Der Schatz unter der Nordsee bringt nicht nur Wohlstand in die Stadt mit knapp 230.000 Einwohnern. Er ist auch ein wichtiges Argument der schottischen Regierung für die Abspaltung von Großbritannien. Schottland, so die These der Nationalpartei SNP, kann mit Hilfe der Öleinnahmen locker auf eigenen Füßen stehen. Sollten die Schotten am 18. September für die Abspaltung stimmen, dann gehörten die Reserven unter dem Meeresboden endlich wieder ihnen.

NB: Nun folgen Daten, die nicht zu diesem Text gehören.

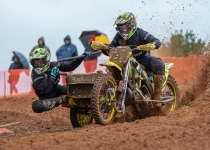 Vaidavas Kauss 2019 Agnis Melderis286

Parteichef Alex Salmond will dann nach norwegischem Modell einen Teil der Steuereinnahmen in einen Ölfonds stecken, der die Zukunft kommender Generationen finanzieren soll. Die Industrie werde „viele Milliarden Barrel über viele Jahrzehnte“ produzieren, beschwor er erst vor ein paar Tagen in der letzten Parlamentssitzung vor der Abstimmung. Doch das sehen nicht alle so, etwa der angesehene Branchenexperte Ian Wood, Gründer eines Dienstleistungskonzerns in der Öl- und Gasindustrie in Aberdeen.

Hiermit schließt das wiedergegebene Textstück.